Data for analysis
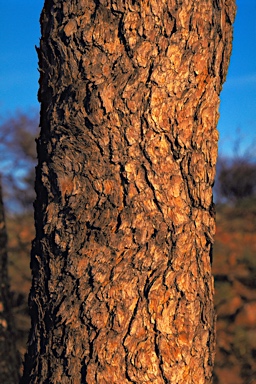 APII jpeg image of Corymbia deserticola subsp. deserticola  © contact APII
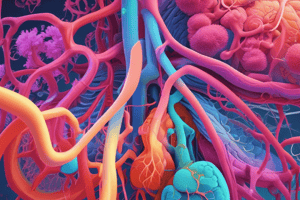 Structure of Lungs and Gas Exchange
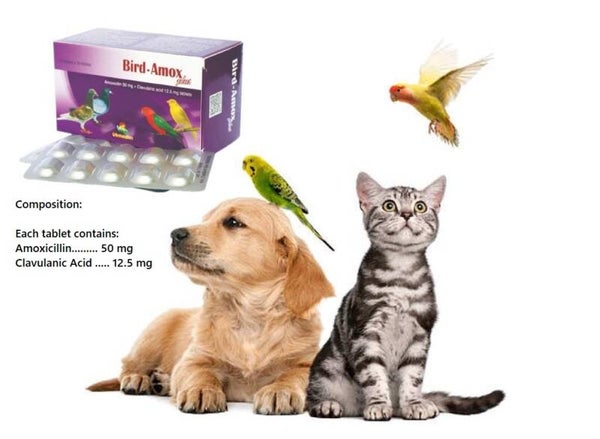 Bird-Amox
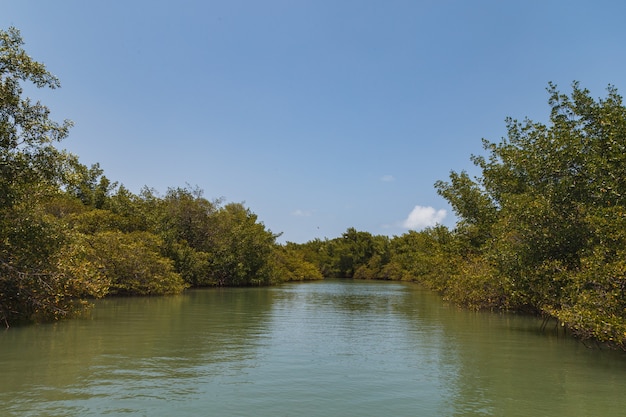 Mangrove photo. Mangrove. Crab breeding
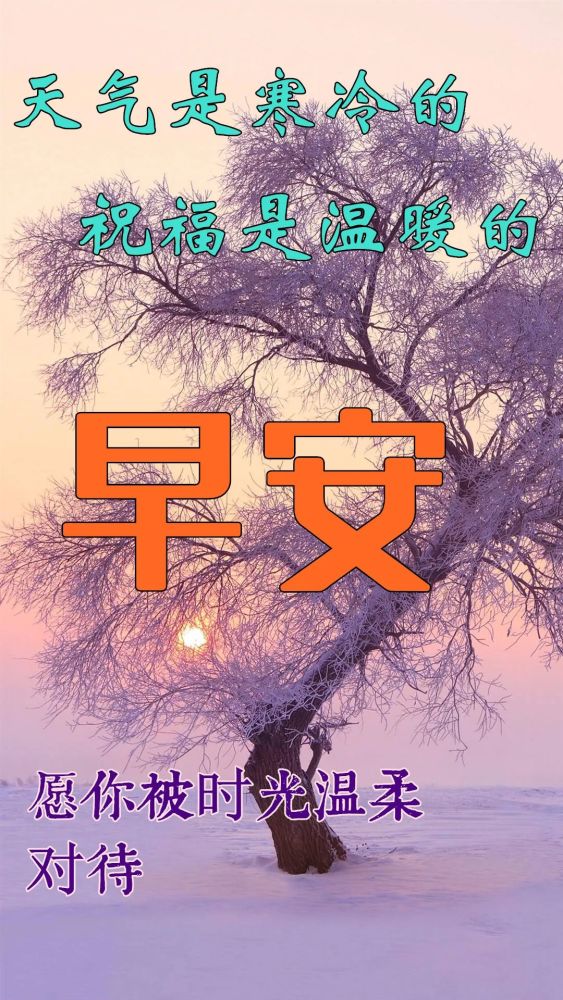 又是新的一天,虽然气温很低,但是今天会有太阳!也许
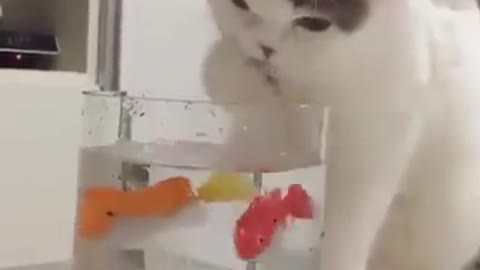 Amazing cat trying to catch fish from the cup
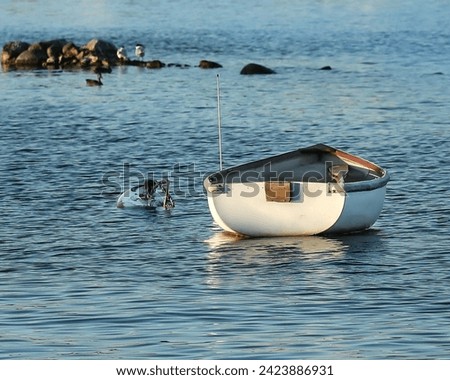 A dingy in a marina on a lake. 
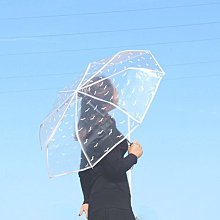 ＳｅｙｅＳ zakka日系清新透明系海鷗/鯨魚/紅鶴透明自動摺疊傘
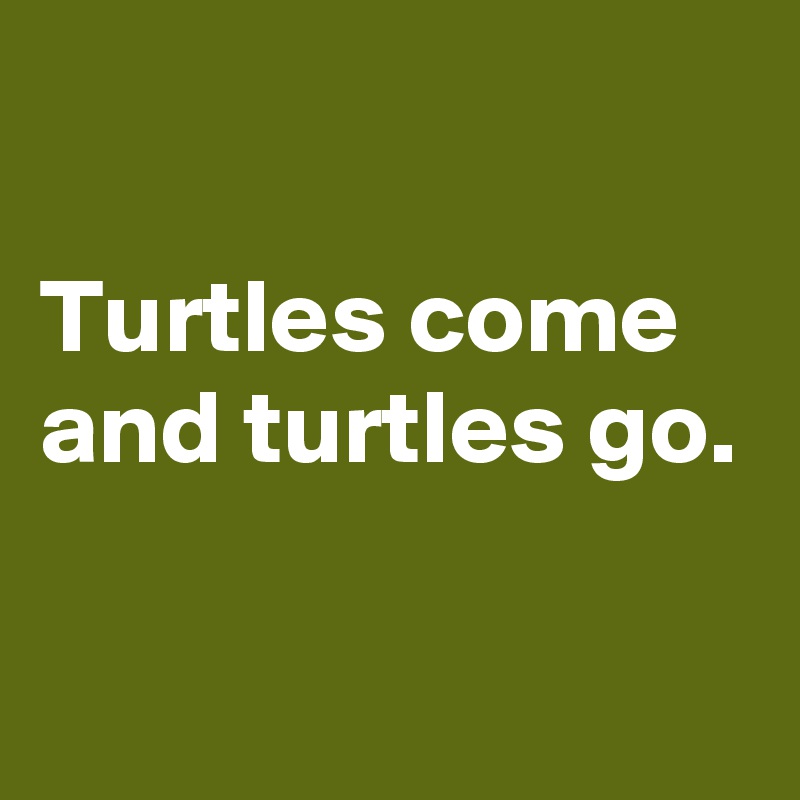 

Turtles come and turtles go.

Exercise requirements
Nothing but the lines from the one containing "又是新的一天,虽然气温很低,但是今天会有太阳!也许" to the last line of the records should be returned, exactly as they appear and without pictures.

Answer to this task
 又是新的一天,虽然气温很低,但是今天会有太阳!也许
 Amazing cat trying to catch fish from the cup
 A dingy in a marina on a lake. 
 ＳｅｙｅＳ zakka日系清新透明系海鷗/鯨魚/紅鶴透明自動摺疊傘

Turtles come and turtles go.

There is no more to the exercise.